Review Film Christopher Robin : Penggemar Winnie The Pooh Wajib Nonton

Hadiah Tiket Gratis

Review Christopher Robin

Sebelum memulai review film Christopher Robin ini saya akan menceritakan bagaimana bisa nonton film ini. Saat aku lihat trailer Christopher Robin, dalam hati hanya bergumam, aku pengen nonton film ini. You are what you think. Dengan law of attraction, aku beruntung dapat tiket nonton gratis. God is good. God is unlimited! LoA works! Mungkin buat kamu yang masa kecilnya dipenuhi oleh film kartun berkualitas, pasti pernah denger dong nama Christopher Robin. Pertama kali aku tau tentang Christopher Robin adalah dari buku cerita anak Winnie The Pooh. Papiku orang yang sangat concern dengan buku bacaan, jadi anaknya suka dibeliin buku.

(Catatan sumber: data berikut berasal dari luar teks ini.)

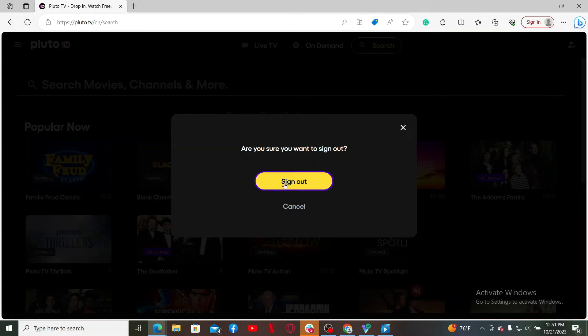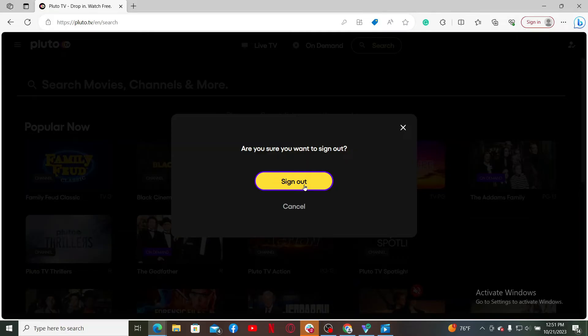Before signing out of your account, remember that you must remember your credentials, that is your email and your password that is associated with Pluto TV. If you don't remember your password, then you will not be able to log into your account. So make sure you have your password and email with you.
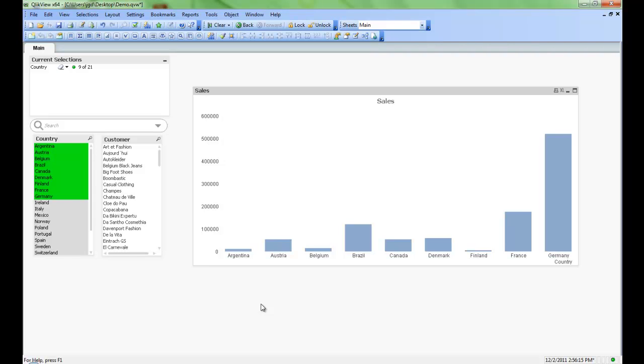From here, I could go on and continue to adjust the chart as needed for my particular application. And I could also add additional objects to the application.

Perpisahan Dengan Sahabat Kecil

Farewell Party Christopher Robin

Pada awal film dimulai dengan Christopher Robin berkumpul dengan Winnie The Pooh, Tigger, Eeyore, Kanga & Roo, Rabbit, Owl. Mereka mengadakan farewell party untuk Christopher Robin. Agak sedikit melow sih di awal. Bayangin berpisah dengan teman bermain sejak kecil. Si Pooh kaya berat gitu ngelepas kepergian Christopher Robin. Hal yang manis dari perbincangan antara Christopher Robin dan Pooh adalah bahwa Christopher Robin berjanji kalau dia akan selalu mengingat Pooh dan kawan-kawannya hingga usian 100 tahun. Lucunya Pooh nanya, kalau Christopher Robin usia 100, Pooh usia berapa? Dengan ngasal si Christopher Robin jawab 99.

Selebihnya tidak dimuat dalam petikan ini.